I'm not sure if anyone can pinpoint the moment when Jane Austen changed from an early 19th Century author to a contemporary one. Austen's new-found popularity has thrust her into the position of a media celebrity whose life is no longer her own. What Austen might have done or thought or written has spawned a whole genre of books and movies, like "Becoming Jane" and "Miss Austen Regrets." I found both heavy-handed and ultimately unsatisfying.
Playing with Austen's stories is so much more fun than playing with her life — and allows for true creative license, whether one is using her novels as the catalyst in modern love stories like "The Jane Austen Book Club," or re-imagining them the way Amy Heckerling transformed "Emma" into the brilliant "Clueless."
As someone who enjoyed both of Laurie Viera Rigler's novels about Austen addicts and time travel, I was pre-disposed to like "Lost in Austen," the four-part 2008 British television series for the ITV network. Though released on DVD in the U.S. last spring, I just heard about "Lost in Austen" from a friend who'd also read Rigler's novels.
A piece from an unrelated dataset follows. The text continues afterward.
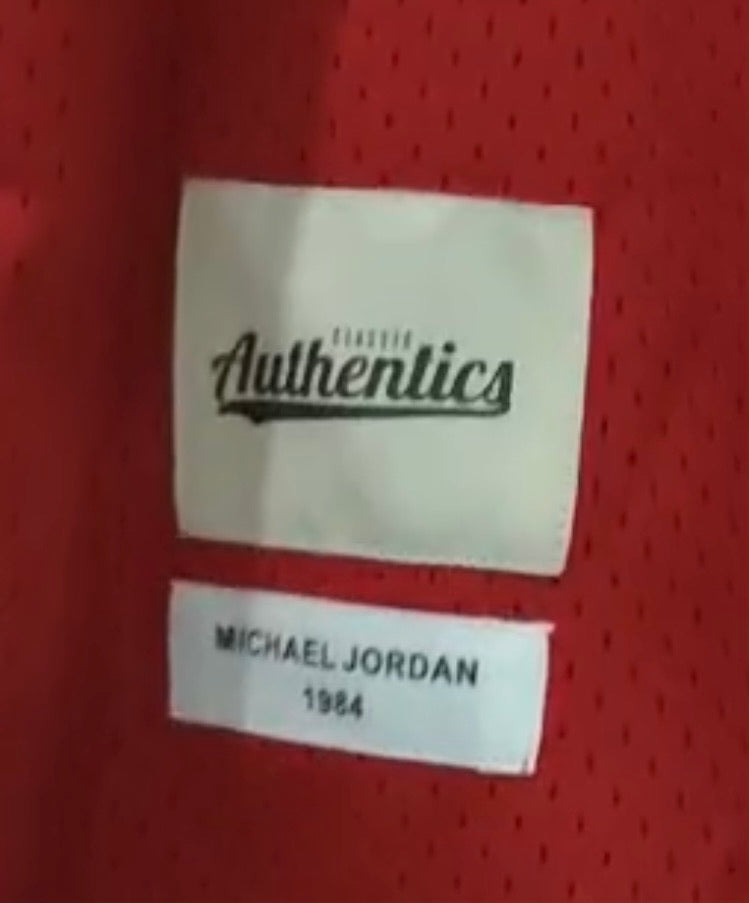 Michael Jordan YOUTH Chicago Bulls Jersey Classic Authentics product image 3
The story centers around a young woman, named Amanda Price, who is so enamored of Austen's "Pride and Prejudice," so steeped in its plot, characters and classic love story, that she conjures up Elizabeth Bennet in the bathroom of her London flat. Lizzie shows her the door connecting that room and the attic of the Bennet family's home in Regency England. In a flash, Amanda's gone through the door — which closes while Lizzie is still on the wrong side.
Amanda (above) explains her sudden appearance by telling the Bennets that she's a friend of Lizzie's, who has come to stay while their daughter spends time in the city; a more plausible and interesting set-up than the two merely exchanging lives. Knowing "Pride and Prejudice" almost as well as Miss Price, I found "Lost in Austen" a thorough delight. Part of its charm is that while Miss Price knows the story intimately, no one else does. Indeed, they don't even know they are just characters in a novel — iconic though they and it may be.
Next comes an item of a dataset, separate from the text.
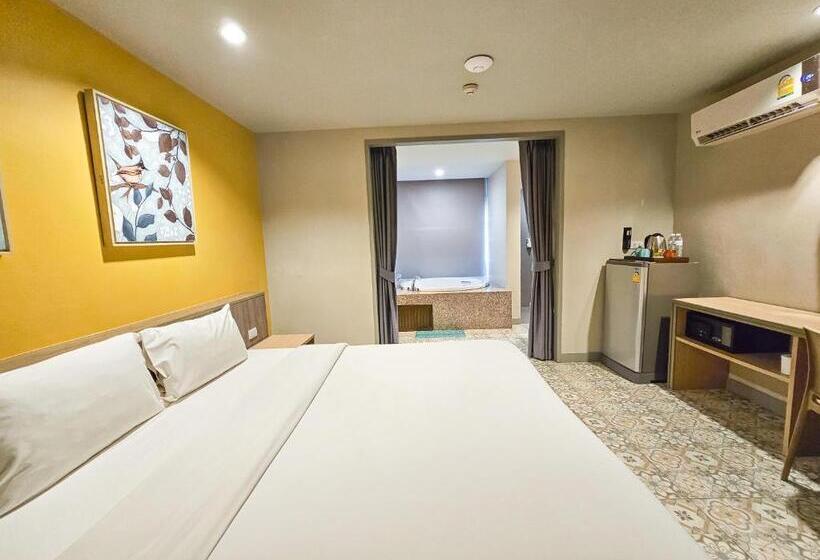 스탠다드 자쿠지 룸, Recenta Suite Phuket Suanluang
As a lover of the book, Amanda is thrilled to find herself in the midst of it — but her mere presence begins to affect the story. Without Lizzie, the Bennet family has lost its equilibrium, its center. Without her, the lives of Austen's characters begin to spin out of control — threatening the outcome of the novel that's held us in its spell for almost 200 years.
George Wickham (Tom Riley, left) with the Bennet family: Lydia (Perdita Weeks), Kitty (Florence Hoath), Jane (Morven Christie), Miss Price (Jemima Rooper), Mary (Ruby Bentall), and Mrs. Bennet (Alex Kingston).
Writer Guy Andrews ("Prime Suspect," "Poirot," "Lewis") has crafted a witty, imaginative, intelligent — and very funny — take on Austen's beloved classic. The presence of Miss Price in "Pride and Prejudice" has set both the story and the characters adrift in uncharted waters. That means that the people we thought we knew well — Lydia Bennet, George Wickham, even Bingley — become alive and engaging in ways we're unprepared for.
Some characters appear to be the same as they ever were; Mr. Collins is as foppish and obsequious as always. But as this story unfolds, there is an undercurrent of malevolence to him that is new and unnerving. Lindsay Duncan, however, may be the best embodiment of Lady Catherine de Bourgh committed to the screen: intelligent, cunning and deliciously domineering. She offers neither caricature nor star turn; her Lady Catheine has passion and purpose.
And, yes, there are anachronisms and inconsistencies but I did not let them trouble me. Instead, I enjoyed the bits of trivia, references to Colin Firth and Miss Price chiding Bingley using the words of Mr. Knightly in "Emma." I watched the entire three hours in one go and then did it again the next day!
Elizabeth Bennet (Gemma Arterton), Amanda Price (Jemima Rooper) and Mr. Darcy (Elliot Cowan).
Available to buy, to rent through Netflix or to reserve through the South Central Library System which currently has ten copies and 82 hold requests.